In-itself - For-itself
ELI5
Think of "in-itself" as a rock — it just sits there, fully itself, with no inner questioning or self-awareness — and "for-itself" as a human being, who is always a little bit ahead of or behind themselves, never quite pinned down, and whose awareness is the very thing that makes them unable to just be like the rock.
Definition
The In-itself/For-itself dyad is Sartre's foundational ontological distinction in Being and Nothingness, structuring the entire phenomenological ontology of the work. The in-itself (en-soi) designates being as opaque, full, self-identical, and inert — being that simply is what it is, with no inner distance or self-division. It is the mode of being proper to things: dense, undifferentiated, without relation to itself. The for-itself (pour-soi), by contrast, is the mode of being proper to consciousness: a perpetual decompression or "nihilation" of being, a nothingness that is not what it is and is what it is not. The for-itself introduces lack, temporality, negation, and freedom into a world that would otherwise be a featureless plenum. Its defining structural feature is the reflection-reflecting (reflet-réfléchissant) dyad — a phantom self-duality that never achieves self-coincidence, because consciousness always slips away from any fixed identity it would claim.
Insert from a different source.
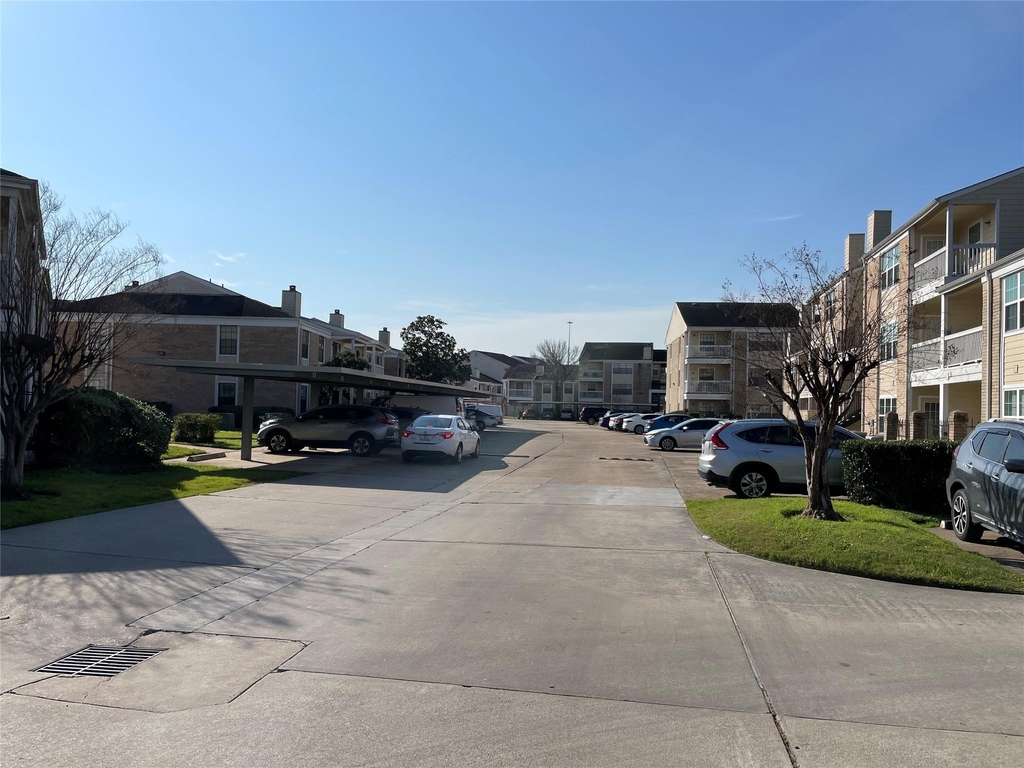 2750 Holly Hall Street - Photo 21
This ontological asymmetry has cascading consequences. Bad faith, freedom, and temporality are all grounded in the for-itself's constitutive inability to be in-itself while nevertheless reaching toward that mode of being as its frustrated ideal (the desire to be en-soi-pour-soi, to be both thing and consciousness, is the impossible project of human reality). The for-itself's ecstatic temporalization — its "not-yet" and "already" — is the condition under which in-itself being can appear as temporal at all, even though being in itself remains a-temporal; what looks like time in the world is a "pure phantom" projected by the for-itself's own self-transcendence. Freedom is not a capacity the for-itself has but is identical with its nihilating structure: because it is always its own nothingness, it cannot be determined from without, and any attempt to assign motives or passions the status of in-itself causes is bad faith.
Place in the corpus
This concept is native to the Sartrean strand of the corpus (jean-paul-sartre-hazel-barnes-being-and-nothingness-an-essay-on-phenomenological) and functions as its primary ontological architecture rather than as a derived or marginal notion. All three occurrences cluster around different consequences of the same dyad: bad faith as oscillation between the two poles, temporality as the for-itself's phantom projection onto in-itself being, and freedom as the for-itself's nihilating identity. The In-itself/For-itself distinction directly engages all eight cross-referenced canonical concepts. It supplies Consciousness with its ontological ground (consciousness just is the for-itself), while standing in sharp tension with the Lacanian decentering of consciousness: where Sartre treats the for-itself as radically transparent and self-founding, the Lacanian corpus insists consciousness is constitutively opaque and derivative of the symbolic order. The dyad intersects with Negation as its motor: the for-itself is defined as internal negation — nihilation of the in-itself — and this aligns with the Sartrean category of "internal negation" that the Negation entry distinguishes from mere external relational difference. Reflection is also directly implicated: Sartre's reflection-reflecting structure of the for-itself is exactly what the Reflection entry identifies as his radicalisation of reflection into ontology; the for-itself's self-division is constitutive, not secondary.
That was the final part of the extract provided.